The hoisting system is the heart of underground mines

The hoisting system is the heart of the business for underground mines; if the hoist malfunctions, production comes to a halt; therefore simplicity of maintenance is as crucial as operational reliability.

When a mine is designed the hoisting system is designed with a capacity exceeding the mine's expected throughput. The lifespan of the mine is however often decades with plenty of parameters changing over the years from ore quality to the depth of the mine; even on a daily basis there are variations in throughput. The daily average very rarely is linear. This means that the designed capacity of the hoisting system might meet the average throughput, but not the peaks. A hoist completing one cycle is lifting one skip from 900 metres up to ground level in 120 seconds; if the underground mining production exceeds the hoist capacity by 5% for a peak lasting a couple of hours then a bottleneck is eminent at the hoist system.

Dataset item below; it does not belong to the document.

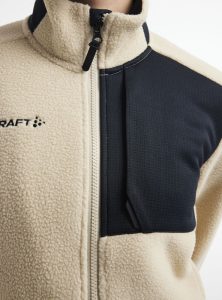 1912221-211999_ADV20Explore20Pile20Fleece20jacket20W_Closeup3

If it is repetitive and mundane; simplify!

While the majority of underground mines are operated with a traditional scroll discharge system for skips, the shaft system of new mines is designed with far more efficient hydraulic or pneumatic discharge mechanisms.

Mechanical design engineer in FLSmidth, Francois Koekemoer, explains that it was the frustration of looking at the various types of solutions that are currently on the market that gave him the initial impetus to develop a far simpler alternative: "Two years ago I was looking at a hydraulic design for a hoisting system at a platinum mine in South Africa - it just seemed too complex and costly to convert electrical energy via hydraulics into linear motion for such a mundane repetitive task of opening and closing a skip door; a large oil reservoir is required and a comprehensive list of multiple control valves, accumulators and coolers all add up to specialized maintenance, fire hazards and increased capital expense. Surely it must be possible to design a more cost effective solution, I thought. Initially I went for a rack and pinion gear design that led to a crank motion concept that would be ideally suited. I then sketched out some concepts and when I had the Crank Type Dump Mechanism (CTDM) I knew it was solid," Koekemoer explains: "The velocity and torque profiles generated by the crank motion are perfect for this particular application, where the opening and closing of a skip is required. Where possible the design makes use of standard components, such as motor and gearbox, which are off the shelf and not bespoke."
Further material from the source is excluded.